DATA_DIR = Path("data")
DATA_DIR.mkdir(exist_ok=True)

## Set up the environment

In [None]:
N_STEPS = 1500 # 30 seconds

In [None]:
env = gym.make("CartPole-v1", max_episode_steps=N_STEPS)

In [None]:
env_gui = gym.make("CartPole-v1", render_mode="rgb_array", max_episode_steps=N_STEPS)

env_gui = RecordVideo(
    env_gui,
    video_folder="videos",
    episode_trigger=lambda ep: True,
    name_prefix="balance_demo_test"
)

## Helpers

In [None]:
def rollout_episode(env, model, max_steps=1500, deterministic=True):

    obs, _ = env.reset()

    states = []
    actions = []
    rewards = []

    for _ in range(max_steps):
        states.append(obs.copy())

        action, _ = model.predict(obs, deterministic=deterministic)
        actions.append(action)

        obs, reward, terminated, truncated, _ = env.step(action)
        rewards.append(reward)

        if terminated or truncated:
            break

    return np.array(states), np.array(actions), np.array(rewards)


In [None]:
def rollout_episode_video(env, model, max_steps=1500, deterministic=True):
    obs, _ = env.reset()
    done = False
    steps = 0

    while not done and steps < max_steps:
        action, _ = model.predict(obs, deterministic=deterministic)
        obs, reward, terminated, truncated, _ = env.step(action)
        done = terminated or truncated
        steps += 1


## Loading the data

In [None]:
data = np.load("data/test_ppo_balance_clean_30s.npz")

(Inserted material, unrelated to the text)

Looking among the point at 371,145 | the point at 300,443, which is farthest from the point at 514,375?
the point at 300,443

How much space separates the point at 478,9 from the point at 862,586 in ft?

obs      = data["observations"]
acts     = data["actions"]
ep_ids   = data["episode_ids"]
ep_lens  = data["episode_lens"]
dt       = float(data["dt"])

print(obs.shape, acts.shape, ep_lens)

Our dataset contains several episodes concatenated in time. However, for system identification we must only use transitions that stay inside the same episode, because the transition from the last state of one episode to the first state of the next episode is not physical (it comes from a reset).

To handle this safely, we use the array ep_ids, which tells us which episode each sample belongs to.

In [None]:
FORCE_MAG = 10.0

same_ep = ep_ids[1:] == ep_ids[:-1]
X      = obs[:-1][same_ep]
X_next = obs[1:][same_ep]
a      = acts[:-1][same_ep]          # in {0, 1}

U_force = FORCE_MAG * (2 * a - 1)    # shape (N,)
U_force = U_force.reshape(-1, 1)     # (N, 1)

print("Transitions:", X.shape, U_force.shape, X_next.shape)

The linear model we want to identify is only valid **locally**, i.e., for small deviations around the upright equilibrium of the pendulum ($\theta \approx 0$). If we include samples where the pole has a large angle or spins quickly, the linear approximation becomes invalid and the estimated $A, B$ matrices will be inaccurate.

For this reason, we filter the dataset to keep only samples close to equilibrium.


In [None]:
theta     = X[:, 2]
theta_dot = X[:, 3]
local_mask = (np.abs(theta) < 0.25) & (np.abs(theta_dot) < 1.0)

X_loc      = X[local_mask]
U_loc      = U_force[local_mask]
X_next_loc = X_next[local_mask]

print("Local samples:", X_loc.shape[0], "/", X.shape[0])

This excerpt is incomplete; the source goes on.